Ciclo de vida e comportamento dos besouros ajudam a entender circunstâncias de assassinatos

A aplicação de insetos em estudos forenses, que empregam conhecimentos científicos para apuração de crimes e outros assuntos legais, pode ser ampla.

De acordo com Caron, a entomologia forense utiliza insetos para responder algumas questões judiciais, podendo envolver os insetos em uma edificação, em algum produto (alimento), estar relacionado a maus-tratos de pessoas e animais, ou ainda colaborar para a resolução de mortes violentas. Para os casos mencionados, é imprescindível identificar as espécies.

Os besouros do gênero Aleochara são reguladores naturais das populações de moscas necrófagas, primeiros indivíduos que localizam e, portanto, colonizam um cadáver, por exemplo. As moscas iniciam a colonização através da postura de ovos, que eclodem larvas que irão se alimentar do cadáver.

A presença das larvas de moscas serve como um atrativo para os besouros estudados pelo grupo.

“Assim, em um cadáver com horas de exposição já temos moscas e besouros.
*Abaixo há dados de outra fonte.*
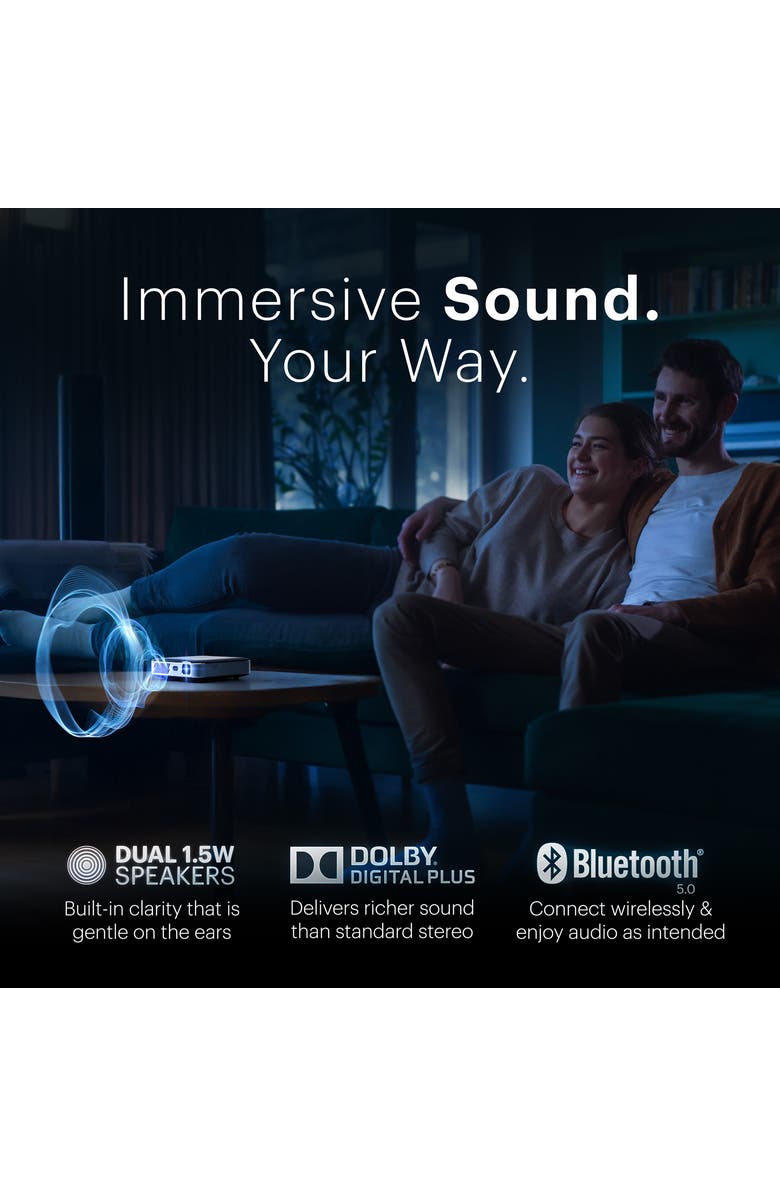 Kodak Luma 500 Pico Projector, Full HD Smart Projector w/Google TV 11.0, Bluetooth & More!, Alternate, color, Black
O besouro que estudamos faz parte dessa fauna e, sabendo o nome da espécie, podemos avançar no estudo de ciclo de vida, comportamento, e, caso necessário, tentar responder alguma questão judicial”, diz o pesquisador.

Os dados da pesquisa podem auxiliar, por exemplo, a esclarecer quanto tempo o cadáver ficou exposto [intervalo post mortem], se houve movimentação do cadáver ou ainda o tipo de morte, envolvendo ou não o uso de produtos tóxicos.

“No nosso trabalho realizamos o primeiro passo, identificamos e separamos as espécies de um grupo de besouros com potencial de interesse forense. A partir de agora, novos estudos devem avançar para que esses insetos recém descobertos efetivamente possam colaborar no tema forense”, conclui o docente.